My Weekly Anxiety Attack
Jeff Wonoprabowo -- I remember when I was in first grade, my teacher would split the class into teams and we would play trivia tic-tac-toe. Whichever team was able to answer the question correctly had the chance to place an X or an O on the board. At one point I answered so many questions in a row that she instituted a new rule: Jeffrey can't answer every question.
Somewhere along the way, I have no idea when, I stopped wanting to answer questions -- even when I knew the right answer. Thinking back to my college days, I don't think I ever raised my hand to answer a question or offer an opinion. I only did so when called upon. Maybe I didn't want to sound dumb saying the wrong answer, I don't know. All I know is that I've gone from an excited first-grader basking in the spotlight of answering questions to someone who would rather just sit quietly and let the spotlight fall on others. Now that I'm older and wiser, I know the value of being "cool." And it can be quite stressful being put on the spot, with the wrong answer, or no answer at all, rolling off your tongue.
In medical school, about once a week, we have a pathology session that involves team-based learning. During these sessions, the class is divided into groups of five (these groups work together throughout the whole year and various different classes as well). Each lab session is intended to help reinforce the material we covered in lecture during the previous week. And this is where I am guaranteed my weekly episodes of anxiety and stress.

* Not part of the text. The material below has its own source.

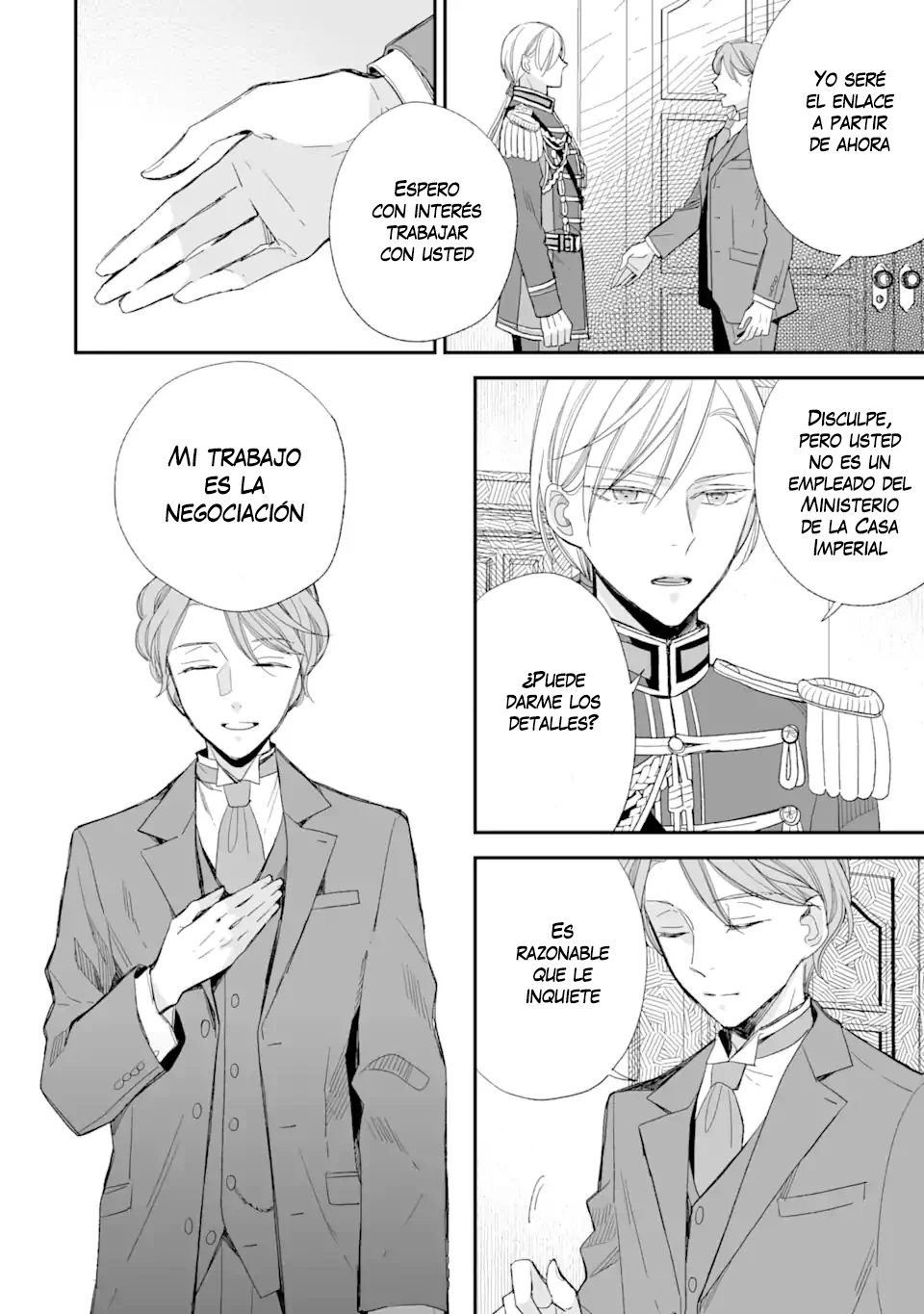 Watashi no Shiawase na Kekkon Capítulo 22 - Page 11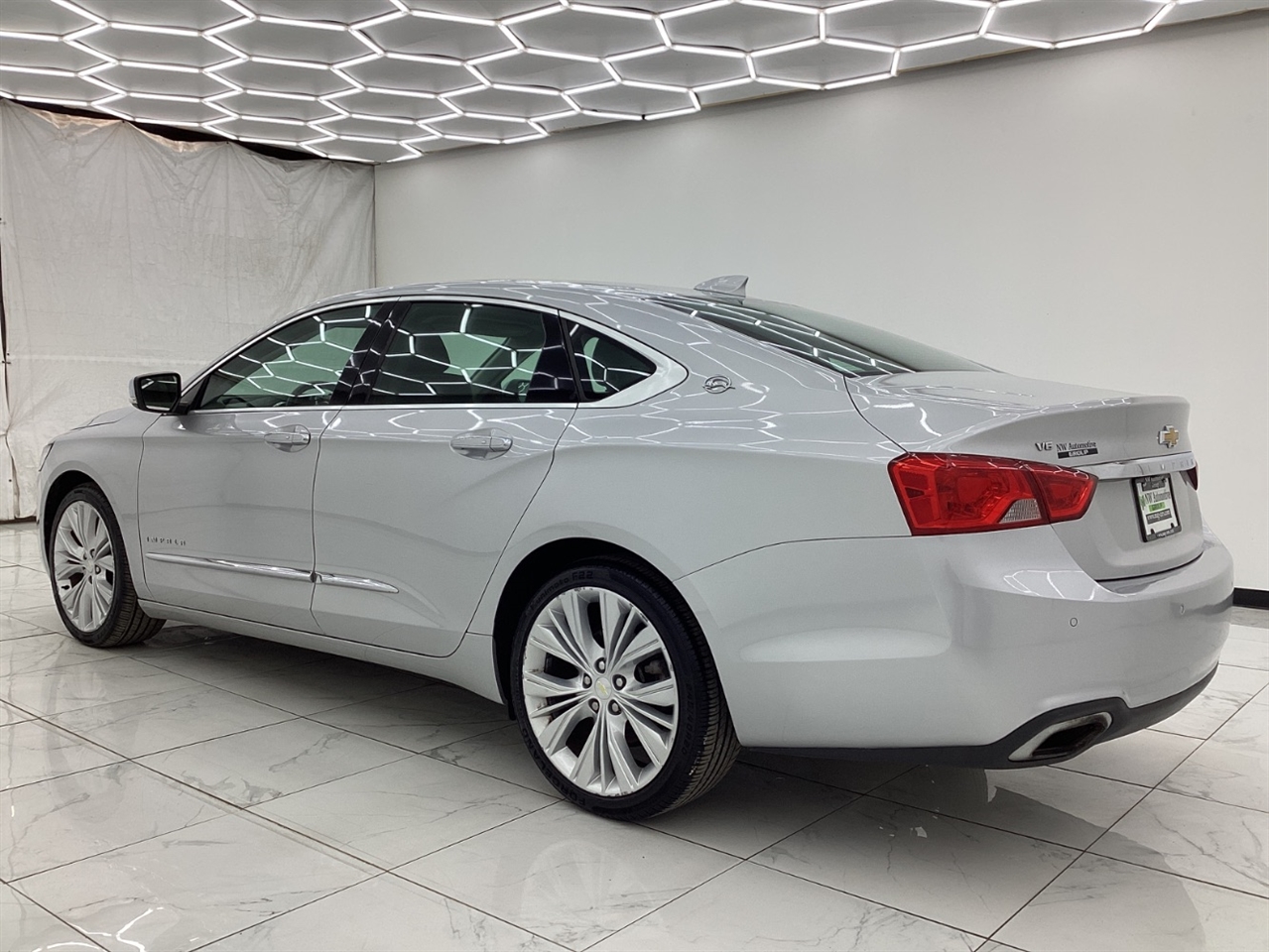 Chevrolet Impala 4dr Sdn Premier w/2LZ 2017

At the beginning of the lab session the groups are all given a laptop and we take a group quiz on the computer. Once that is submitted, we receive a worksheet with about 12 clinical vignettes. We must determine the disease for each one and answer questions about each particular case. (These questions will ask for things like the mechanism, clinical presentation, comparisons with similar diseases.)

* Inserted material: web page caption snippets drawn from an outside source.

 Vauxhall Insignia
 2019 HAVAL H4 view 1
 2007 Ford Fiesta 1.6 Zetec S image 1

After about 40 minutes, our course instructor picks up a microphone and announces that our time is up. His assistant walks over to a group and hands the microphone to a person of her choice. At this point, Nervous Student (NS) has the eyes of the entire lab (almost 100 pairs) on NS, and NS has no choice but to take the microphone and announce his/her name and group number. And the encounter might go something like this:
Professor (P): "What does this patient have?"

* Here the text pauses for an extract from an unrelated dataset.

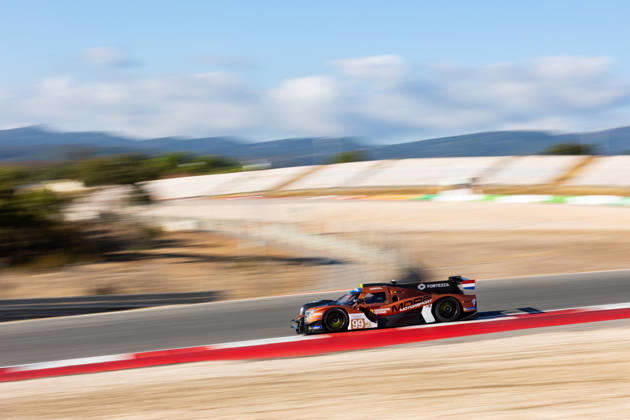 AUTO - MLC 2026 - PORTIMAO 99 VAN DER SNEL Max (ned), GERHARDS Tim (ned), More Motorsport, Ligier JS P325 - Toyota, LMP3, action during the 6th round of the 2026 Michelin Le Mans Cup on the Autodromo Internacional do Algarve from October 8 to 10, 2026 in Portimao, Portugal - Copyright: xJoaoxFilipex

NS (answering with a shaky voice): "Carcinoma-in-situ"
P: "And what condition most likely preceded this lesion?"
NS (drawing a blank): "Um..."
P: "Consult with your group."
After conferring with the group, NS replies: "HPV infection leading to dysplasia."
P: "Good, and will the biopsy reveal malignant cells penetrating the underlying basement membrane?"
NS: "Uh.. I don't think so."
P: "Of course not."
NS (sounding very confidant): "Oh, right. Of course not!"
Cue class laughter.
The encounter might seem quite benign. No harm, right? But every time I go to lab I am anxious and apprehensive hoping that the microphone is not pointed in my direction when it is my group's turn. And I get the feeling that I'm not the only one who feels this way.
Maybe it's good for me and will prepare me for the pimping that will come during third and fourth years. Then again, with all the stress and anxiety, maybe it's bad for me.
Oh, who am I kidding? Medical school is a big ball of stress and anxiety, and that much more can't be that bad... Right?